Task details:
Go to the line containing "Please contact me" in the material below. From there to the end, retype every line exactly and drop the pictures.

Records shown:
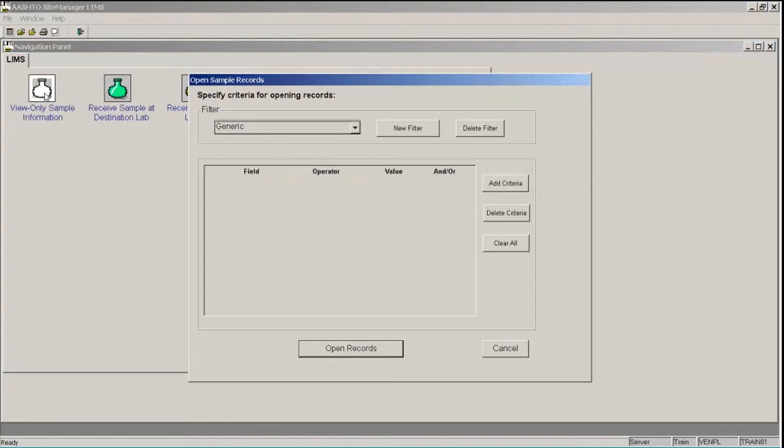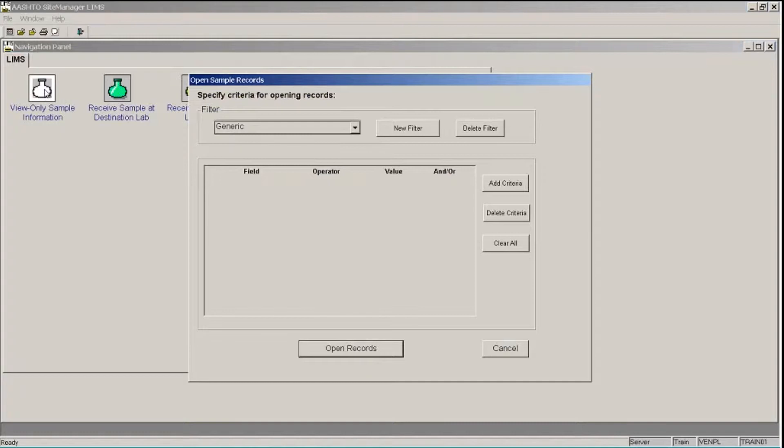You can specify generic criteria each time you want to look for a sample record, or you can specify and save filters if you use the same search criteria on a regular basis. So first, let's define a generic filter.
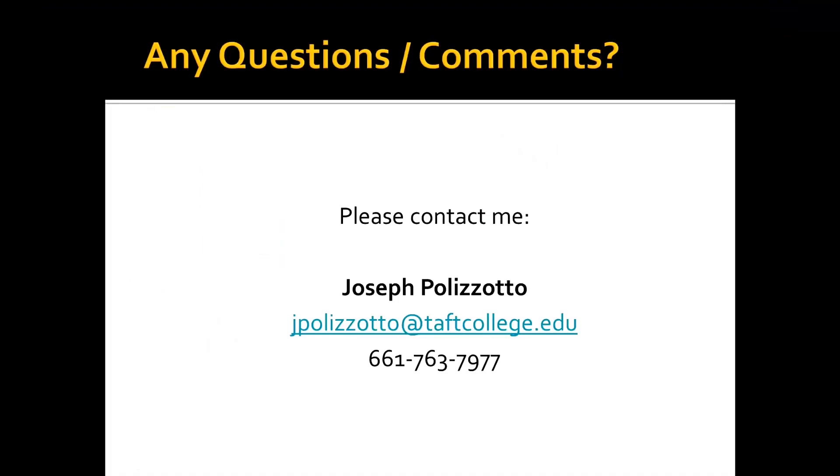Please contact me at jpolizotto at teffcollege.edu or give me a call at 661-763-7977. Thank you.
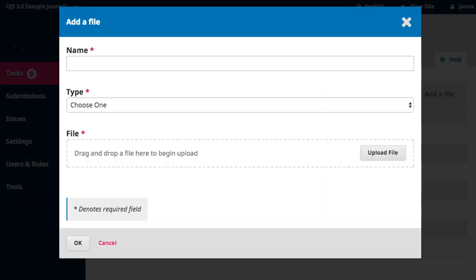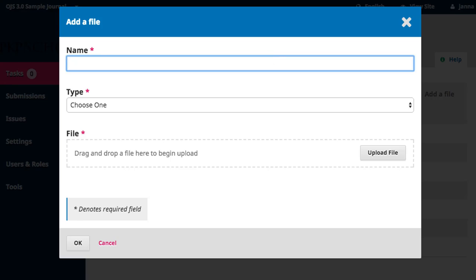All three items in the wizard are required. Begin by naming your file. Simple but descriptive titles are recommended. Next, choose the type, which corresponds to the sorting categories we saw on the landing page.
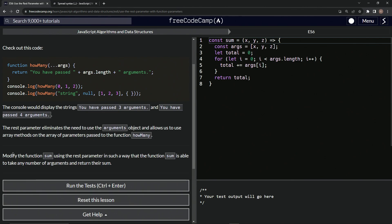So we're going to modify this function SUM using the REST parameter in such a way that the function SUM is able to take any number of arguments and return their SUM.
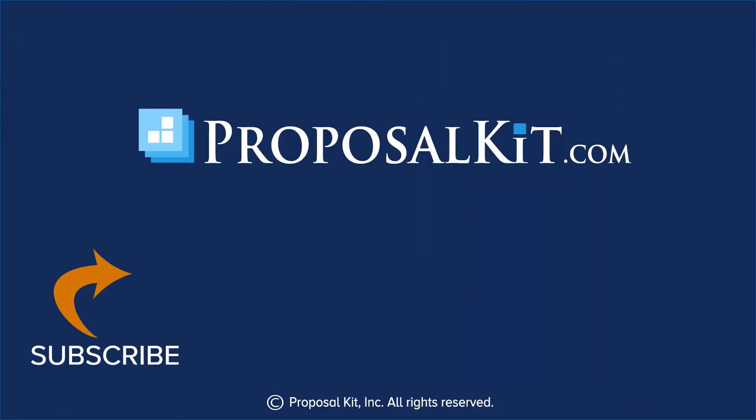Let us know what you think in the comments below. And click subscribe to keep up on the latest proposal writing tips with Proposal Kit.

Exercise solution:
Please contact me at jpolizotto at teffcollege.edu or give me a call at 661-763-7977. Thank you.
All three items in the wizard are required. Begin by naming your file. Simple but descriptive titles are recommended. Next, choose the type, which corresponds to the sorting categories we saw on the landing page.
So we're going to modify this function SUM using the REST parameter in such a way that the function SUM is able to take any number of arguments and return their SUM.
Let us know what you think in the comments below. And click subscribe to keep up on the latest proposal writing tips with Proposal Kit.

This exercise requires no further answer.